> **Problem to solve**
No line before the one holding "Amooorous Luxuriöse Marmor-Textur" is to be copied; that line and all after it, through the end of the listing, are returned exactly, minus pictures.

━━━━━ Material to process ━━━━━

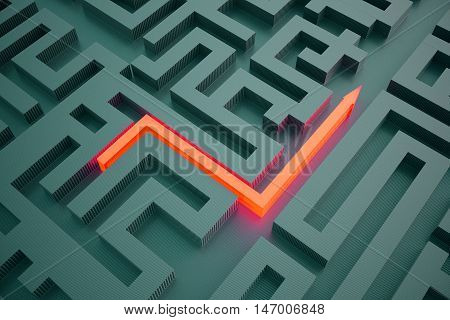 Top view of illuminated red arrow going through abstract dark maze. Success concept. 3D Rendering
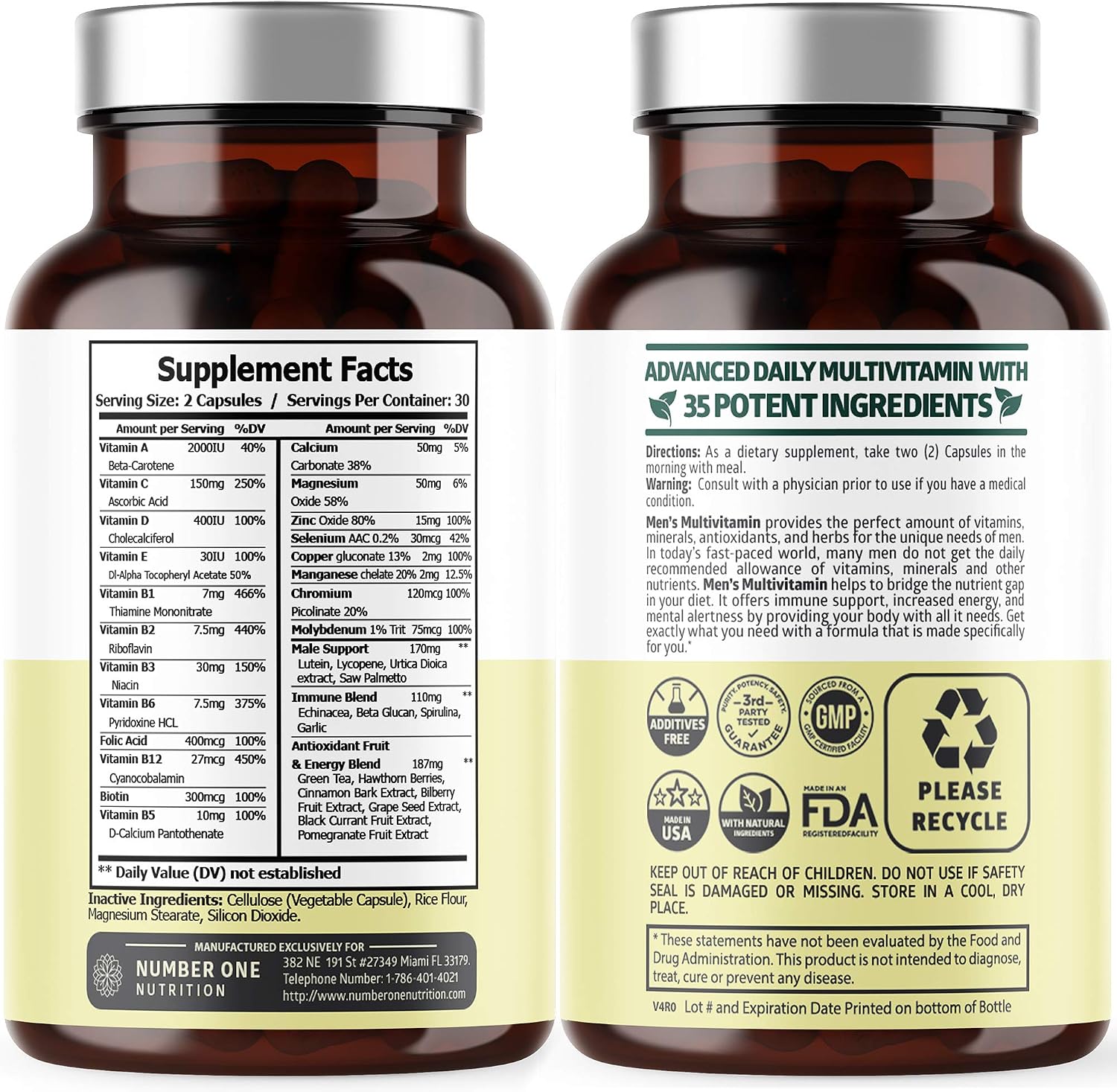 Multivitamínico Diario para Hombres con 35 Nutrientes, Saw Palmetto, 60 Cápsulas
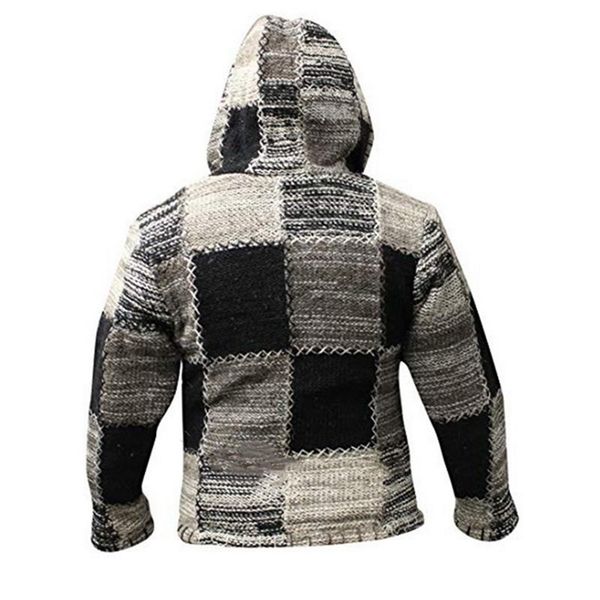

laamei men winter fashion patchwork knit outwear coat sweater with pocket autumn men hooded wool cardigan sweater jumper 201204, White;black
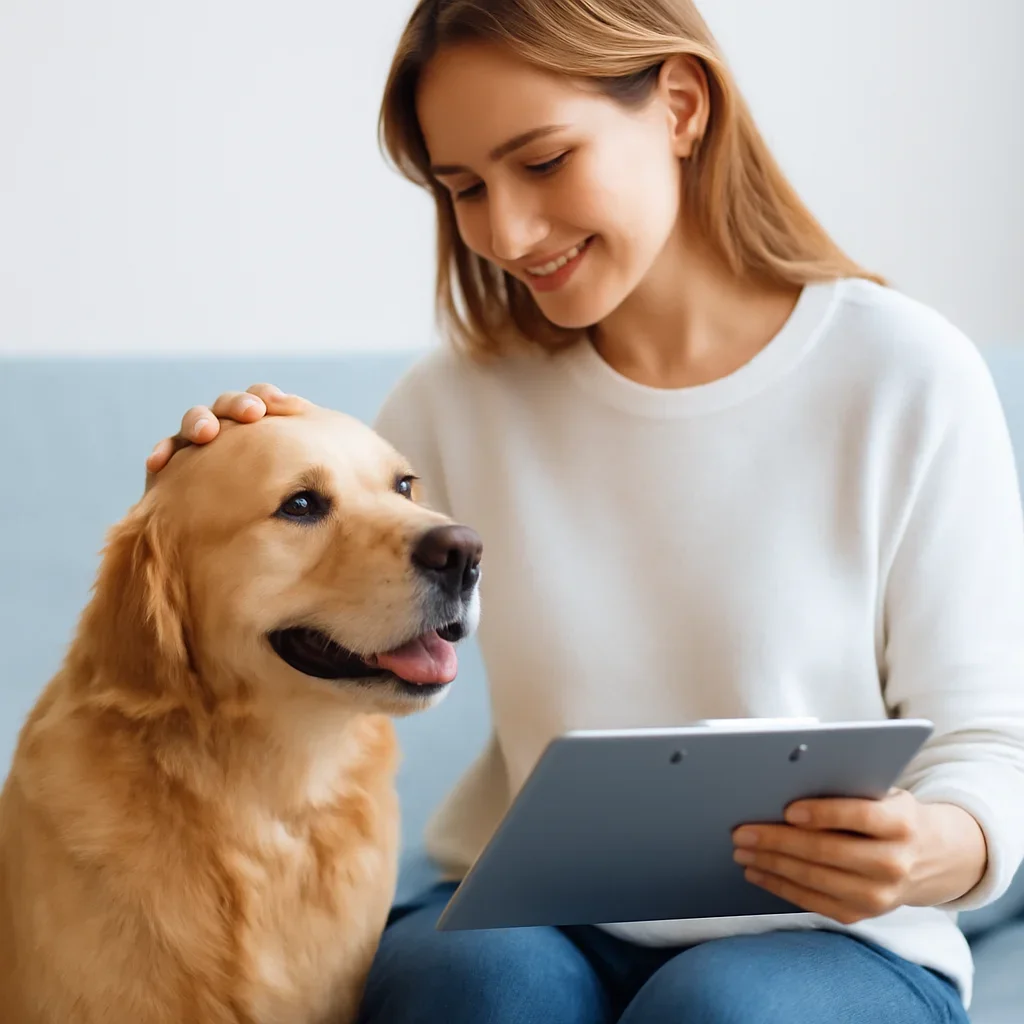 Dog owner preparing to take the next step after reading the Can Dogs Be Tested for Environmental Allergies? page
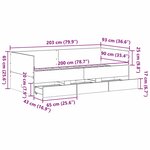 vidaXL Lit d'appoint rustique Bois ancien Bois d'ingénierie 90 x 200 cm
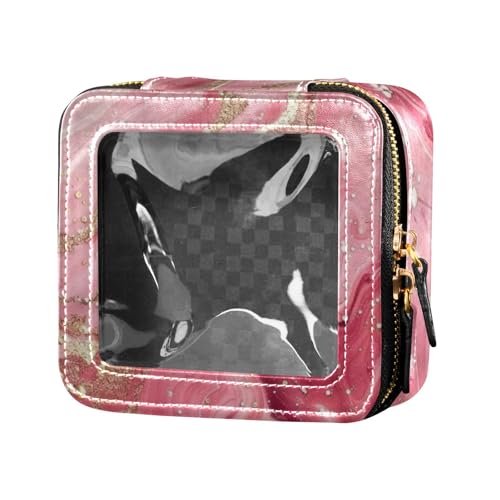 Amooorous Luxuriöse Marmor-Textur in pfirsichgoldener Farbe, niedliche Make-up-Tasche, transparente Reisetaschen für Toilettenartikel, Mini-Make-up-Behälter für Damen, Luxuriöse Marmor-Textur in von Amooorous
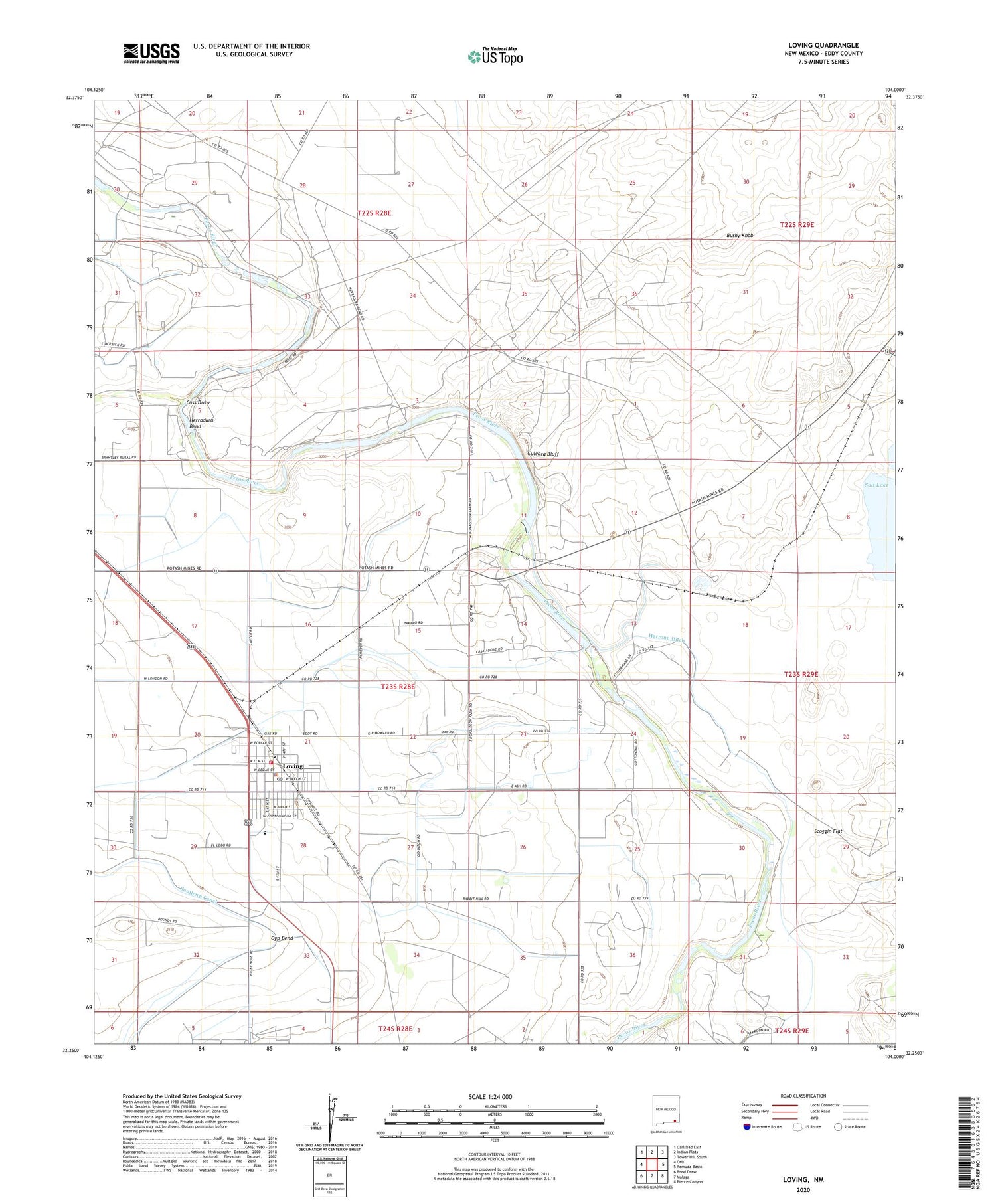 Loving New Mexico US Topo Map Image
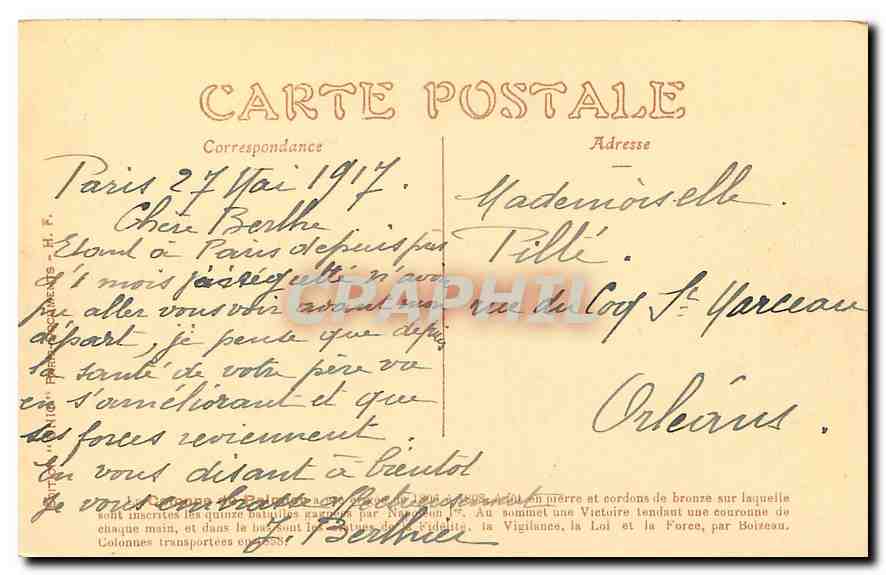 CPA Paris la Colonne du Palmier et fontaine de la Victoire place du Chatelet  — Rückseite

━━━━━

> **Solution to the exercise**
 Amooorous Luxuriöse Marmor-Textur in pfirsichgoldener Farbe, niedliche Make-up-Tasche, transparente Reisetaschen für Toilettenartikel, Mini-Make-up-Behälter für Damen, Luxuriöse Marmor-Textur in von Amooorous
 Loving New Mexico US Topo Map Image
 CPA Paris la Colonne du Palmier et fontaine de la Victoire place du Chatelet  — Rückseite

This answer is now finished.